= What is expected =
Could you copy exactly the lines below, beginning at the line with "Silky Whitening Skin Care Set Afrotix" and stopping after the line with "Beautiful Vintage Trifari brooch: .", with no pictures?

= Task data =
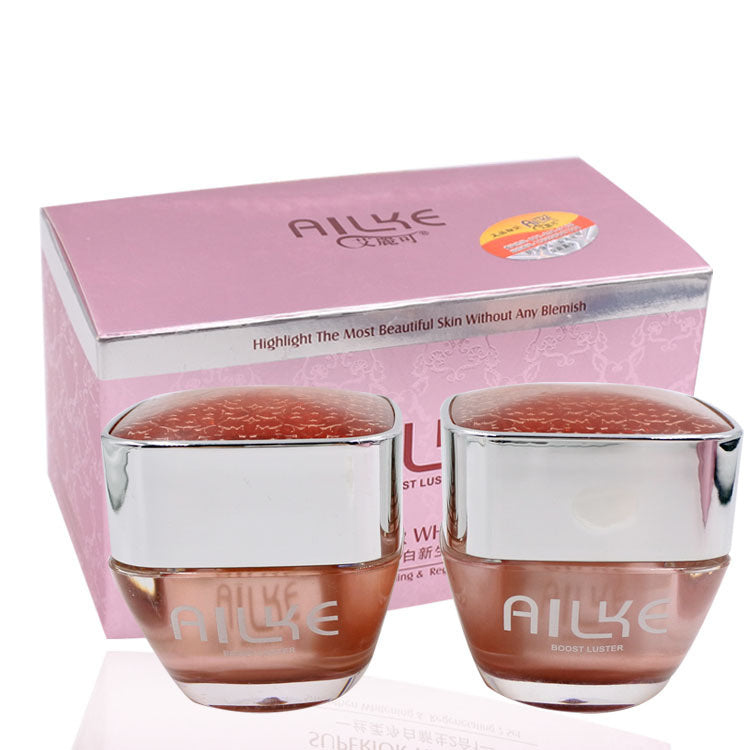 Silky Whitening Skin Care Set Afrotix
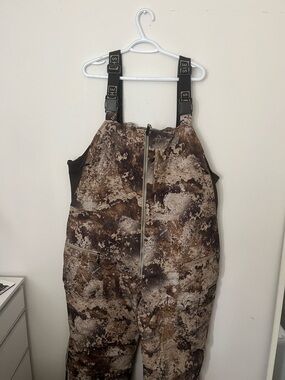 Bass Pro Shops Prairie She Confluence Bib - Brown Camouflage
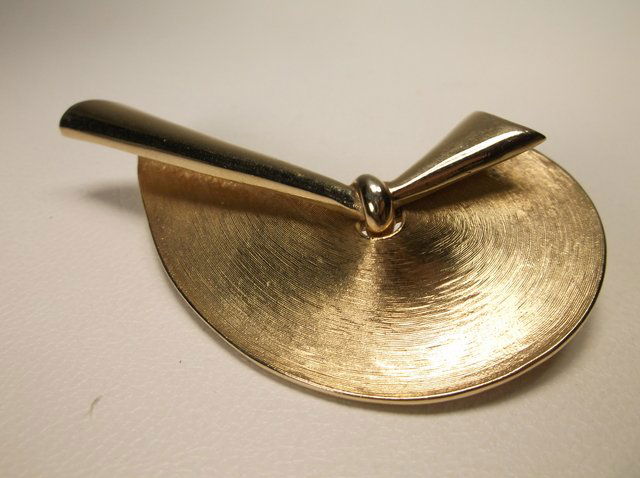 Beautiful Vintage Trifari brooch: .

==

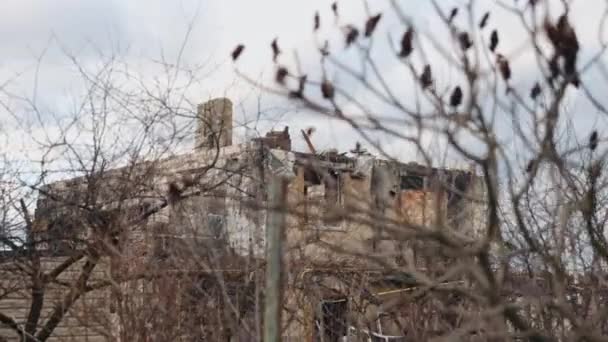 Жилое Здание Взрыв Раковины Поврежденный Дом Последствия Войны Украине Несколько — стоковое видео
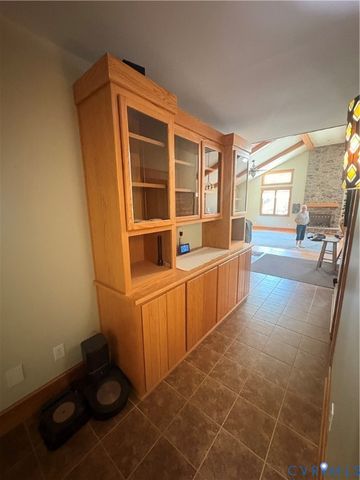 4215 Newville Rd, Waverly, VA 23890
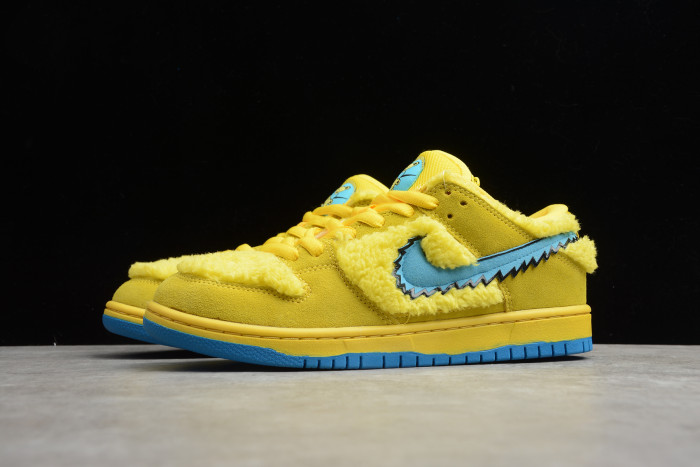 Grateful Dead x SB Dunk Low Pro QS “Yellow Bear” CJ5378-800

= Output =
 Silky Whitening Skin Care Set Afrotix
 Bass Pro Shops Prairie She Confluence Bib - Brown Camouflage
 Beautiful Vintage Trifari brooch: .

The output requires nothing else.